Park notes that two separate experiences inspired Mick Harte Was Here, which concludes with an urgent, personal note from the author: “I urge all of you who do not wear bike helmets to please reconsider your decision. Today. Please. It’s your life.” The first incident occurred several years ago, when she and her husband were taking a walk in their neighborhood outside of Phoenix. “We came across a reenactment of an accident that had happened earlier that day,” she recalls. “There was a vehicle pulled over to the side, and police were measuring skid marks to determine how fast it had been going. And then I saw the bicycle. A child had been killed by that car. I never got over this. I have never again passed that spot without thinking of that child and what the family must have gone through.”

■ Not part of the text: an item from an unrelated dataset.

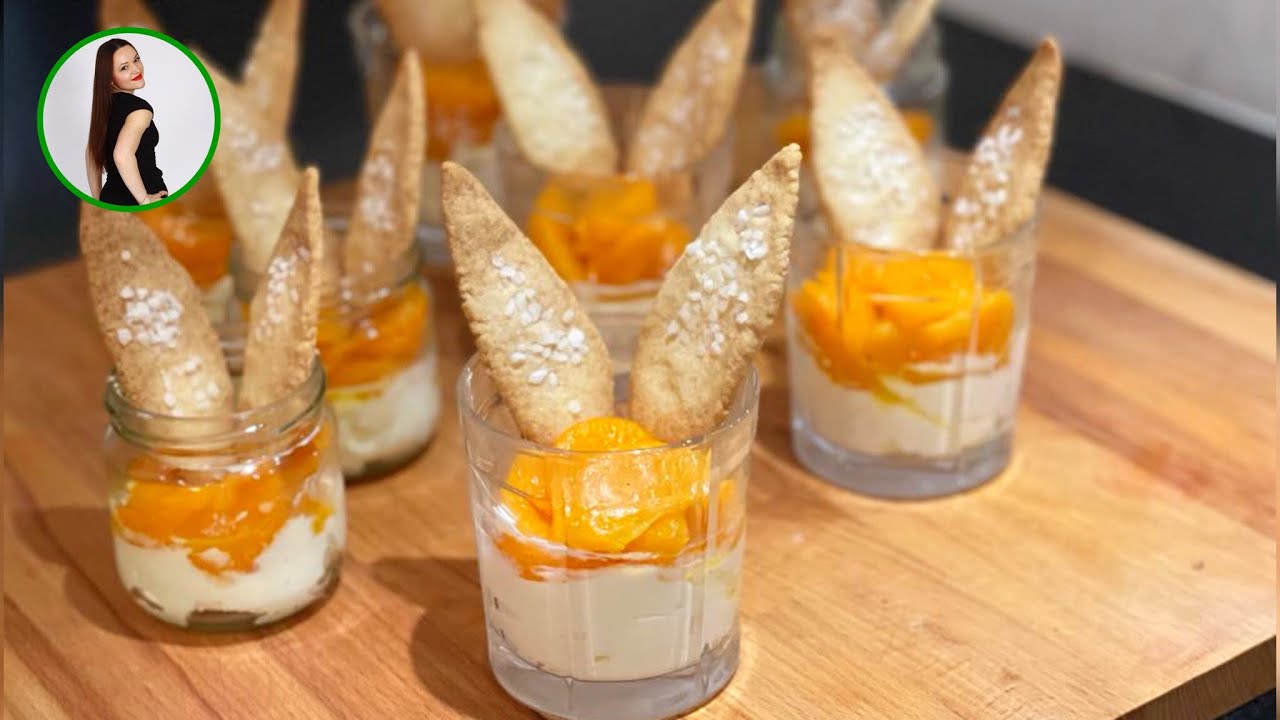 Osterdessert | Dessert im Glas für Ostern | Osterhasen Dessert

Though much affected by this episode, Park didn’t realize that there was a novel in it. Then months later, she read a newspaper article about bicycle helmet safety. “It contained a quote from a father who had lost his son in a bicycle accident,” she recalls. “The boy was not wearing a helmet. What his father said, in essence, was that there was not a scratch on his son’s body and that an inch of styrofoam would have saved his life. Over the next year these two events meshed in my mind somewhere, and I decided to tackle this subject.”

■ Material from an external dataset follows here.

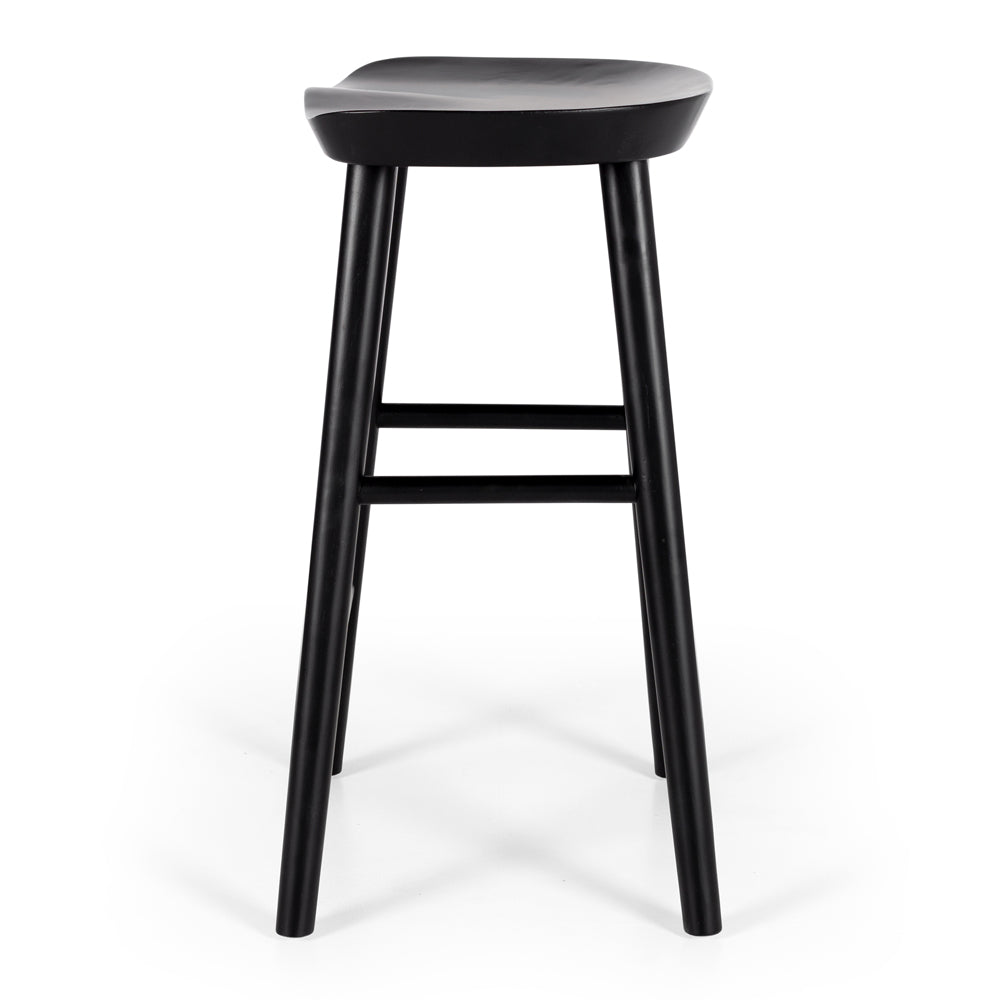 Fuji Barstool - Black Oak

It was not an easy task. Writing Mick Harte Was Here took Park far longer than any of her previous books. “The hardest part was taking on such a depressing subject,” she says. “I kept asking myself, ‘Who is going to want to read this?’ I was afraid that kids would put it down if it was too sad, so I tried to add light touches in with all the heavy moments. I decided to include happy, funny remembrances of Mick. But I still needed to address all that his sister and parents were going through. I knew I couldn’t soft-pedal the painful, real parts.”

Spreading the Word

Park spent the last week in April and the first week of this month–National Bicycle Safety Month—on an eight-city tour promoting her novel and its message. Kelly Grunther, manager of public relations for Random House’s juvenile and merchandise group, has prepared an extensive press kit–which includes an endorsement of the book by the Long Island Head Injury Association—that encourages booksellers as well as media to underscore the connection between the novel and bicycle helmet safety. In hopes of further bonding the book and the issue, the publisher has joined forces with Cycle Products Company, which has donated a hefty number of bicycle helmets to be used in the book’s promotion. These will be given away by booksellers whose stores Park visits as well as by the 20 to 25 radio stations across the country that will be airing a satellite interview with the author.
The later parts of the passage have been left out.